This writing discloses at least the following Concepts.
Concept 1. A FinFET device comprising:
a substrate;
an epitaxial stack formed atop the substrate, comprising:
a plurality of gate electrodes that extend within the channel layer, the plurality of gate electrodes being arranged in a row;
a conducting layer connecting the plurality of gate electrodes to form a gate contact;
a source contact contacting the channel layer on one side of the row formed by the plurality of gate electrodes; and
a drain contact contacting the channel layer on the other side of the row formed by the plurality of gate electrodes.
Concept 2. The device of concept 1, wherein the substrate comprises a semi-insulating SiC substrate.
Concept 3. The device of concept 1 wherein the buffer layer comprises Al0.08Ga0.92N.
Concept 4. The device of concept 1, wherein the channel layer has a thickness of substantially 20 nm.
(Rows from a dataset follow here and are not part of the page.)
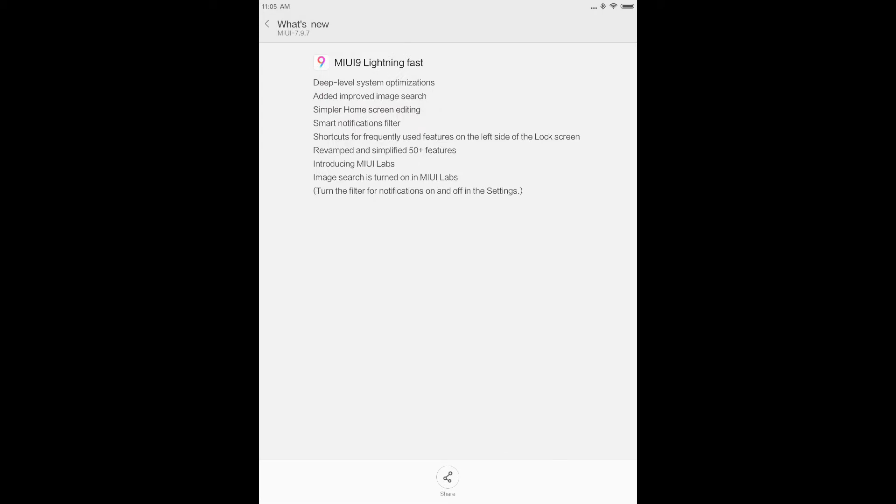So here's the list. You can see deep level system optimizations, improved image search, simpler home screen editing, smart notification filter, shortcut for frequently used features on the left side of the lock screen. I don't find any shortcuts. You can then simplify into the MIUI labs.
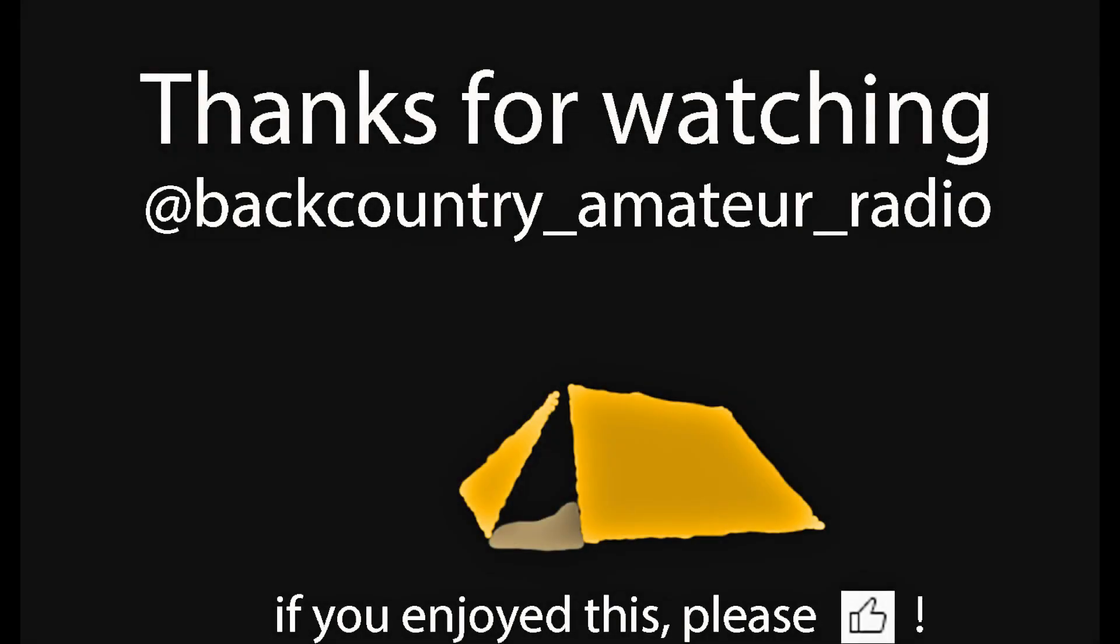So, thank you everybody for tuning in and watching. And please give this a thumbs up if you enjoyed it. And if you'd like to see more, please let me know in the comments below. See you down the trail.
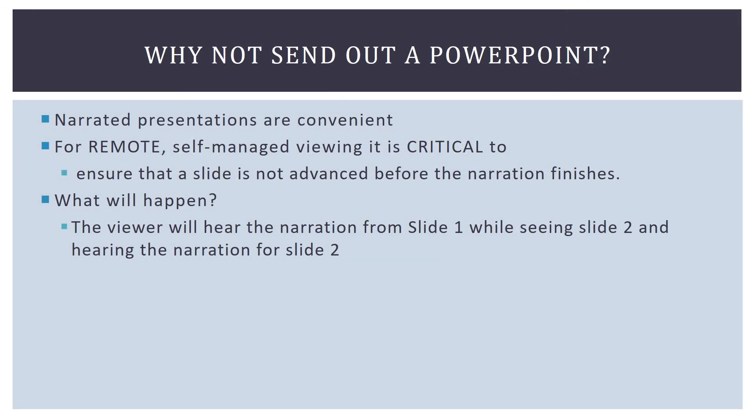So, I have a few quick points about why do this as a movie instead of a PowerPoint. Why can't I just narrate the PowerPoint and send it out that way?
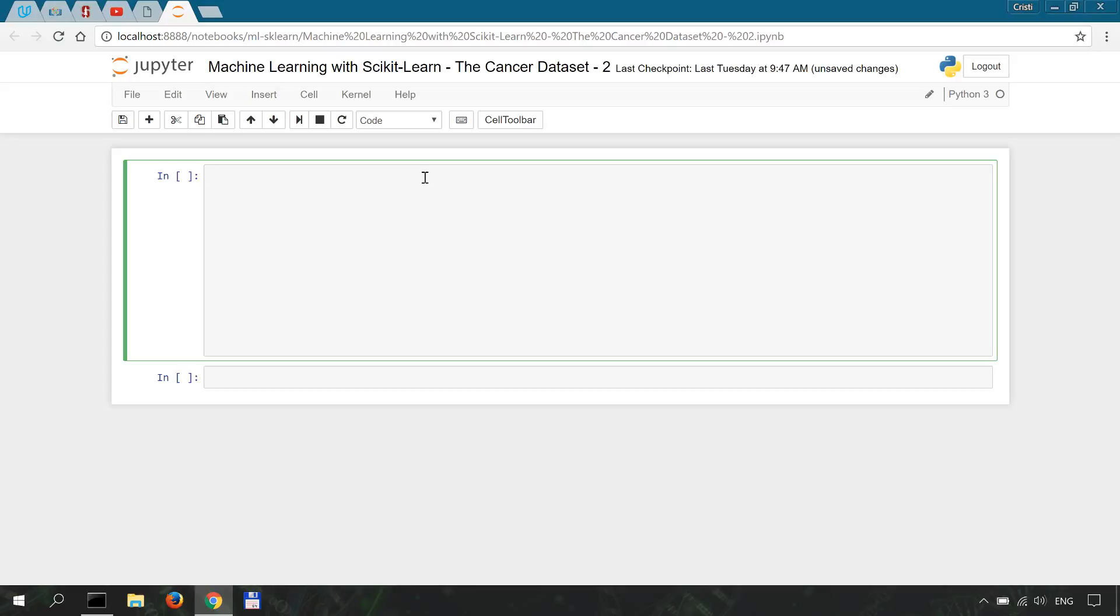What are the dependencies for doing this specific machine learning example with scikit-learn? Once again I'm on Windows 10 with Python 3.5 installed and we're going to use IPython or Jupyter notebooks for this tutorial series.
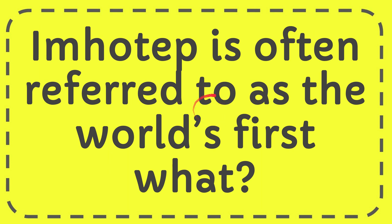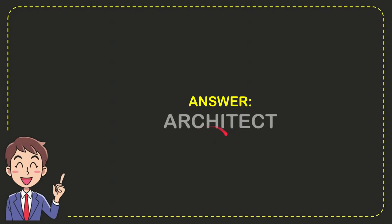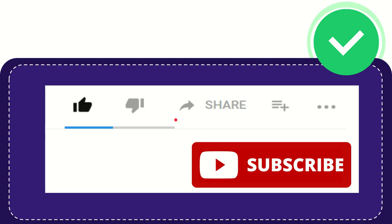In this video, I'm going to give you the answer for this question: Imhotep is often referred to as the world's first what? Now I'll give you the answer for this question, and the correct answer is architect. So that is the answer for the question: architect.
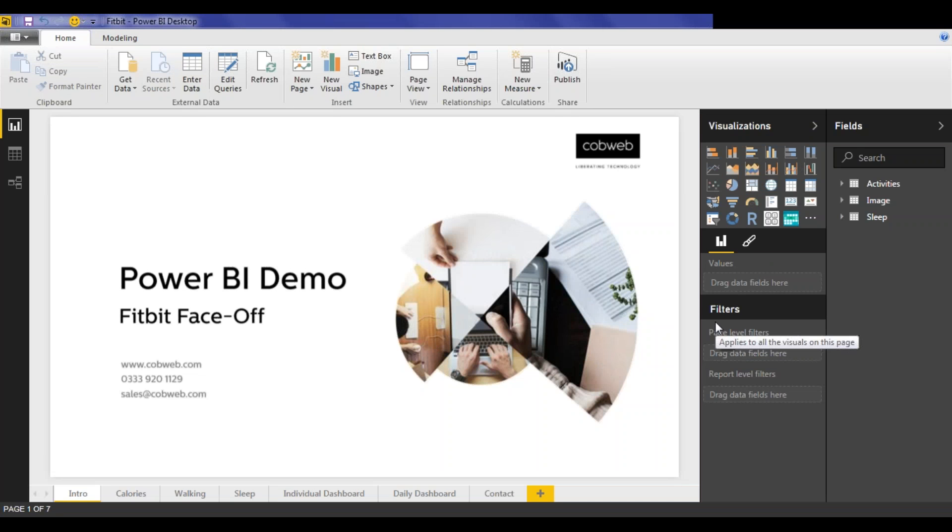Hi, this is Graham from Cobweb Solutions and I'm going to walk you through one of our Power BI showcase reports. This dashboard came about from conversations in our offices where certain members of our team were competing with their Fitbit stats while also talking about Power BI. So I thought, why not combine the two?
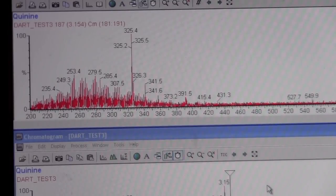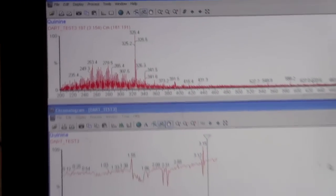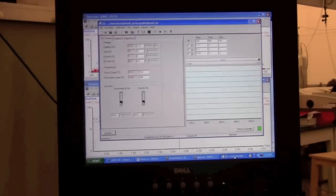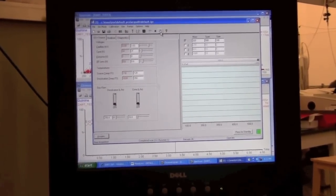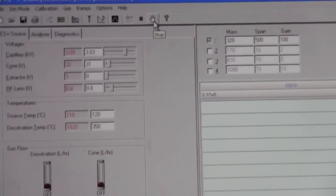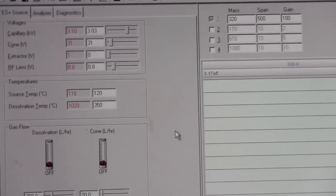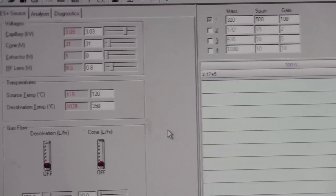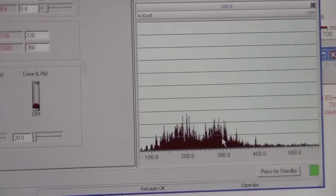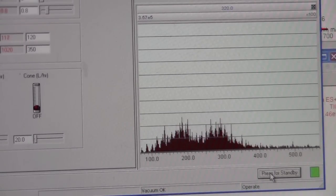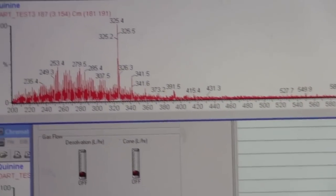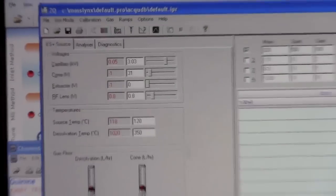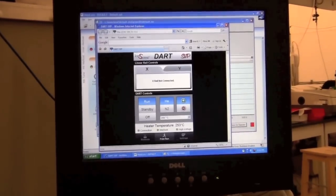When you're finished what you should do is go back to the tune page. If you're done taking data you can click on the hand to stop acquisition. Yes you really want to stop acquisition. It should put it back where it's showing ions here. That's normal. If you want you can put it on standby, it's not necessary but it's a good idea. You can close the spectrum and the chromatogram pages and then you can go back to the dart source.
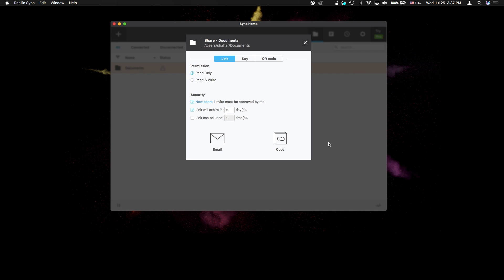Also, keep in mind that Sync does not use the cloud to deliver data, so all of the devices in Mesh need to have Sync installed and running in order to use the link.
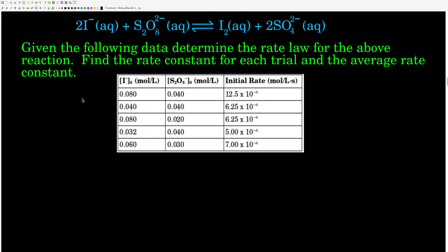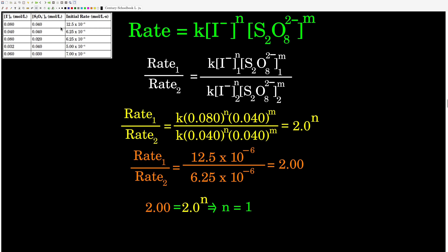Welcome back. First, write down the form of the rate law: rate equals the rate constant K times the concentration of one reactant to the N, other reactant to the M. It doesn't matter which order — we could put persulfate to the N and iodide to the M. We'll figure it out.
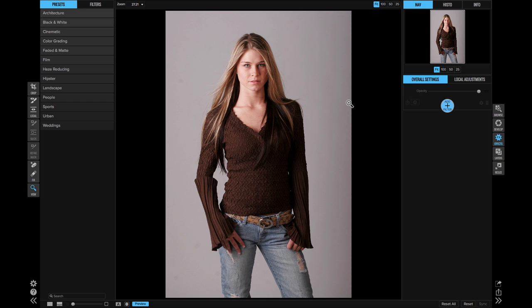Hey everyone, I'm really excited to show you the Effects module inside of ON1 Photo Raw. Effects picks up where Develop leaves off — it's kind of the big brother to Develop. It has all the same options that Develop does, plus a bunch more, and it gives you more control over the blending and the masking of each of the things you can add. Let me give you a tour, and then I'll show you how it works.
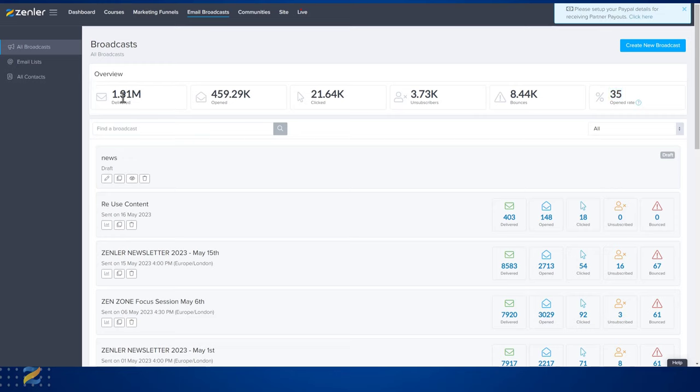In here you can find the amount of emails delivered, opened, clicked, unsubscribed, bounced, and the open rates. This is across all of the emails that you have sent.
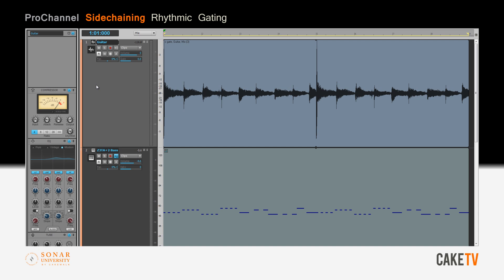In this example, a chopping effect is created on a guitar by sidechaining a bass sound from Zeta 2 to control the PC4K expander gate on the guitar track.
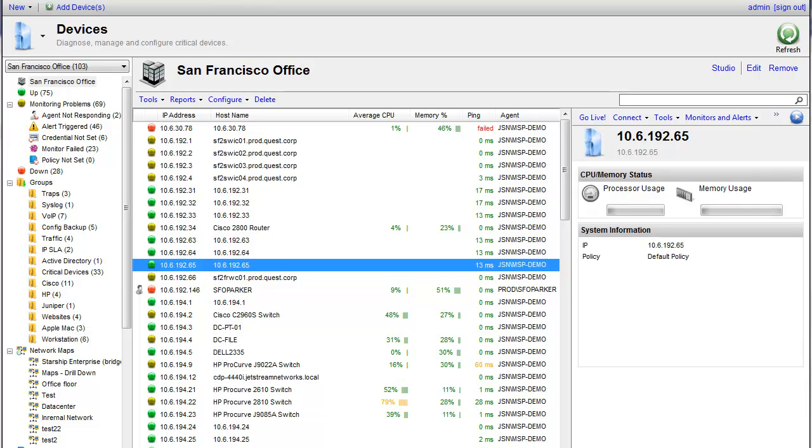Hi. In this video we're going to be covering monitoring your devices. This process is fairly straightforward but there's just a few things that I want to point out to make it very simple.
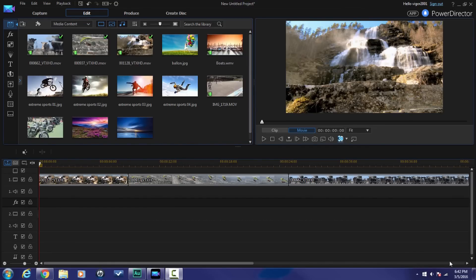Here we are in CyberLink Power Director 14 Ultimate and it's time for me to show you how to get your subtitle thing right. But before I do that, I want to remind you of a few quick things.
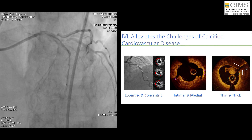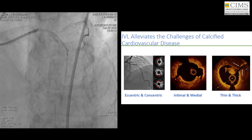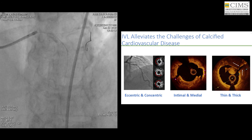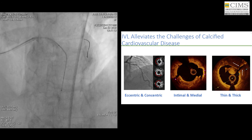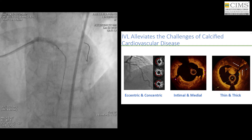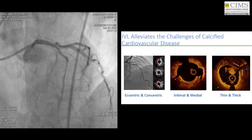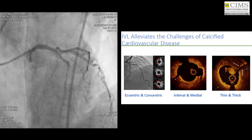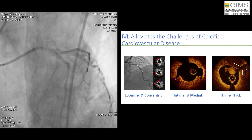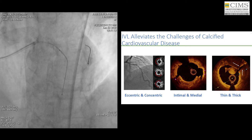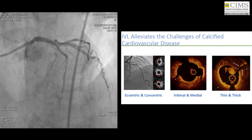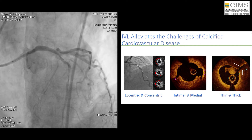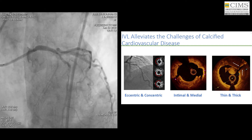IVL has done a fantastic job — it alleviates the challenges of calcified cardiovascular disease. As you can see in the OCT image on the right, IVL has cracked the calcium both superficially and deeply, and in both thin as well as thick calcium. Once it does that, the passage of other hardware — such as OCT, other balloons, and the stent — becomes very easy to track.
Concept 5. The device of concept 1, wherein the channel layer comprises a superlattice channel layer.
Concept 6. The device of concept 5, wherein the channel layer has a thickness of substantially 100 nm.
Concept 7. The device of concept 4, wherein the channel layer comprises GaN.
Concept 8. The device of concept 4, wherein the channel layer comprises InGaN.
Concept 9. The device of concept 1 wherein the cap layer has a thickness of substantially 2.5 nm.
Concept 10. The device of concept 9 wherein the cap layer comprises Al0.5Ga0.5N.
Concept 11. The device of concept 1, wherein the material forming the plurality of gate electrodes is boron-doped diamond.
Concept 12. The device of concept 1, wherein the material forming the plurality of gate electrodes is boron-doped silicon carbide.
Concept 13. The device of concept 1, further comprising a regrown AlGaN passivation layer formed in the channel layer around the gate electrodes.
Concept 14. The device of concept 1, wherein the gate electrodes are spaced from one to two depletion lengths for the heterojunction of the substrate and gate electrode materials.
Concept 15. The device of concept 14, wherein the gate electrode pitch is about 200 nm.
Concept 16. The device of concept 14, wherein the gate electrodes pass through the epitaxial stack.
Concept 17. The device of concept 1 wherein the conducting layer forming the gate contact is gold.
Concept 18. The device of concept 1 further comprising a corresponding plurality of isolation depressions formed on the epitaxial stack abutting the gate electrodes, and extend in a direction perpendicular to the row of gate electrodes.
Concept 19. The device of concept 18 wherein the isolation depressions are formed by etching.
Concept 20. The device of concept 18 wherein the isolation depressions are formed by ion bombardment.
Concept 21. The device of concept 1 further comprising:
a plurality of recesses through the channel layer, arranged in a row traversing the epitaxial stack.
Concept 22. The device of concept 1, wherein the material forming the plurality of gate electrodes is a wide bandgap material.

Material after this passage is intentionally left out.